Connecting the dots, remembering we are human even in a virtual dimension.

Immersive virtual and social web experiences are broadly used as a ludic, entertaining, or business experience. Moving into the metaverse we are erasing entirely a deep and vital part of being human, which is the ability to think and reflect deeply on important and moving questions about humanity. Ability fully deployed until this moment of history, largely alive throughout literature, journalism, nineteen-century media.

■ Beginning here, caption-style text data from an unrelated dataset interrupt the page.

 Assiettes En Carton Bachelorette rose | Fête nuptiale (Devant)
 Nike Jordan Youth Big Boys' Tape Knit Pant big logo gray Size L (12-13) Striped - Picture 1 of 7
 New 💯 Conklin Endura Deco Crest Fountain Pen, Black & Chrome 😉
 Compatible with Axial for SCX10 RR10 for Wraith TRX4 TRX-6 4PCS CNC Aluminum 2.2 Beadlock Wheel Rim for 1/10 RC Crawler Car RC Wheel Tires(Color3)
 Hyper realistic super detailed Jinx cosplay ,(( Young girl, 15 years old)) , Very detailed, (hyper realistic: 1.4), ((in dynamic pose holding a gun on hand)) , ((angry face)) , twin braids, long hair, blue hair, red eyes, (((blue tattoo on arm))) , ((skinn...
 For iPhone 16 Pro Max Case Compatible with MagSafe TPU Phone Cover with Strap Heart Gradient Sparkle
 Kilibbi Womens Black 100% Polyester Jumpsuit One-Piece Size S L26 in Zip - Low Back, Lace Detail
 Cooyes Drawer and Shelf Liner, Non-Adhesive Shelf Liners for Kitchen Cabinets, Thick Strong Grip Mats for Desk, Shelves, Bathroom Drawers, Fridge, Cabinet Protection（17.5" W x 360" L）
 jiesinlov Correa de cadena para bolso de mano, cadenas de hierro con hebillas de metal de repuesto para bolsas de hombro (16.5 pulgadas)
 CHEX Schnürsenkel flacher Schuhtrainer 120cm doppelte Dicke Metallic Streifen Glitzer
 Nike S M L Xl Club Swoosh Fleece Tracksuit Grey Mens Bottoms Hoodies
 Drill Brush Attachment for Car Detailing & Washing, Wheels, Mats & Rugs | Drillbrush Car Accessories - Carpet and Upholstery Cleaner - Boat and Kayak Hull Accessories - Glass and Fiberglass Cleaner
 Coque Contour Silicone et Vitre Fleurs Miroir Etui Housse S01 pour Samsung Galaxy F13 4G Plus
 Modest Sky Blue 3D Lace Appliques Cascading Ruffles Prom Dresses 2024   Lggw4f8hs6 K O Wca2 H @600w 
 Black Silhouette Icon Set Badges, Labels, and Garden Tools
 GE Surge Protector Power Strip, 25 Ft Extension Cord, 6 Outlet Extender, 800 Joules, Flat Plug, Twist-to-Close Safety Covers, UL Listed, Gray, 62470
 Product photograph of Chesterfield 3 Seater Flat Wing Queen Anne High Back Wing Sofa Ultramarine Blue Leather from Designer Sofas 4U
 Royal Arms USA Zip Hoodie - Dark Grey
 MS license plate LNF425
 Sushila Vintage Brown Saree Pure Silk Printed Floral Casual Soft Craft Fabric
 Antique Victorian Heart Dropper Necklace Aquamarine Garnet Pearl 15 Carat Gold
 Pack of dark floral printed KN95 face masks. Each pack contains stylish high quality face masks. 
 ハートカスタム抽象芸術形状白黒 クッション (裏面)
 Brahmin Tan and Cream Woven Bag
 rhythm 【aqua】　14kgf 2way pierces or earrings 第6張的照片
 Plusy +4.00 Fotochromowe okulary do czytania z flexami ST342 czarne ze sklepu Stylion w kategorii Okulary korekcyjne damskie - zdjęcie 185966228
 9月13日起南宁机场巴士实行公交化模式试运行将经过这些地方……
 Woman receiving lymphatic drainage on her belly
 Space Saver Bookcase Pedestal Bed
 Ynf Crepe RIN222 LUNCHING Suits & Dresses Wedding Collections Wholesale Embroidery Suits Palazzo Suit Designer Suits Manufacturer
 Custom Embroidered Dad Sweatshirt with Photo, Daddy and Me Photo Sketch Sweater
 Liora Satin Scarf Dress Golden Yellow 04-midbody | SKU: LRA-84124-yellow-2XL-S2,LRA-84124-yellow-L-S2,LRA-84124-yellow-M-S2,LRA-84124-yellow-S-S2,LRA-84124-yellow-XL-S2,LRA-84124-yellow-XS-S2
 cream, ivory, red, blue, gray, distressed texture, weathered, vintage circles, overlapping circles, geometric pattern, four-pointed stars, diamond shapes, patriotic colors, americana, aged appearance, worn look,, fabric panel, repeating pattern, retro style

The metaverse path seems doomed to repeat the early social media error, the illusion of a happy community where erasing deep and uneasy talks we will somehow blend the complexity of our reality into a promised land. The tool will become again a distraction and marketing instrument on the surface, unleashing any kind of uncontrolled low instinct to proliferate in a far unexpected and pervasive way we still haven’t seen yet. Bringing philosophy, literature, and art’s deep talk inside the newborn metaverse is important more than ever. Even if any effort is a small drop in the “metaocean”.

Subject

The subject of “43. 9-36” is an emotional dive into an open question about the loss of humanity narrated through the mediation of simple shapes and digital media. Recognizable forms, toys, are used here as a narrative tool reporting a piece of news that is ordinary in mankind’s history as well as the query of truth that it generates. 

The collapse of the Morandi bridge in Genoa, Italy, is just a medium to the question, intended perhaps to remain unanswered. Focus is uniquely on the loss, reiterating how despite the technology, and the full knowledge of the criticality of the structure1 that was the cause of the collapse, moments of human absence were equally generated, absence of a sense of proximity and absence of the vision of the human dignity. Repeated moments where those who had to decide did not choose the common good, did not consider as useful the centrality of man in their economics because “it was part of the work” of that economy to not care for others. A “trivial” suspension of empathy extended over time2 that created the basis of a “vacuum of proximity” as opposed to a “sense of proximity” in which the tragedy took place. “The banality of evil3 always accompanies mankind, even the ones who delude themselves believing to be above it. It is precisely in that moment, defined by philosophy and journalism as a “lack of action” when such “banality” spills over in all its triviality. Transcending the historical moment and the context, resulting in consequences, across cultures, time, technologies, and space that are always fatal. 

Project

43 interactive frames enclosed in a Mozilla hub room. Unpublished.

Works and techniques

Vintage toys and iconographic research of the 80’s decade -cultural and economical period closely entwined with the roots of the events unfolded in Genoa 40 years later- toys selection and restoration. Video and photo shooting on live stage (Genoa, Milan) and onset, set design, video and photo shooting, 3d scan, 3d modeling animating and rendering, final video compositing. 3d virtual exhibition space original design, object imports, experiential sound research and design, UX design. Final deployment: Oculus + Mozilla hub*. *Suggested support for the view: Firefox on desktop. No library 3d presets have been used in the project. Work in progress.

1 La Repubblica (Ita)

2 Il Ponte Spezzato, RSI Swiss TV report (Ita)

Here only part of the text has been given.